__What you should do__.
Every entry must come back exactly as it was written.

Records excerpted from a collection
┏━━

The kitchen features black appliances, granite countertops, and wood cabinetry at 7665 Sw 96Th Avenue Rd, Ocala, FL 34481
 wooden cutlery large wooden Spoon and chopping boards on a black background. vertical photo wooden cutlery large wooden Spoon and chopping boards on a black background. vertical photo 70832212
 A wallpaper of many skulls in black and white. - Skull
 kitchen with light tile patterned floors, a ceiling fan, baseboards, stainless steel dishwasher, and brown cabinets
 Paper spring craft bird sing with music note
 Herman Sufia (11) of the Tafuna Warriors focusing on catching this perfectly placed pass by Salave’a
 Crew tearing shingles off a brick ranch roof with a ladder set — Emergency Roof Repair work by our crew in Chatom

┗━━

__Response area__.
The kitchen features black appliances, granite countertops, and wood cabinetry at 7665 Sw 96Th Avenue Rd, Ocala, FL 34481
 wooden cutlery large wooden Spoon and chopping boards on a black background. vertical photo wooden cutlery large wooden Spoon and chopping boards on a black background. vertical photo 70832212
 A wallpaper of many skulls in black and white. - Skull
 kitchen with light tile patterned floors, a ceiling fan, baseboards, stainless steel dishwasher, and brown cabinets
 Paper spring craft bird sing with music note
 Herman Sufia (11) of the Tafuna Warriors focusing on catching this perfectly placed pass by Salave’a
 Crew tearing shingles off a brick ranch roof with a ladder set — Emergency Roof Repair work by our crew in Chatom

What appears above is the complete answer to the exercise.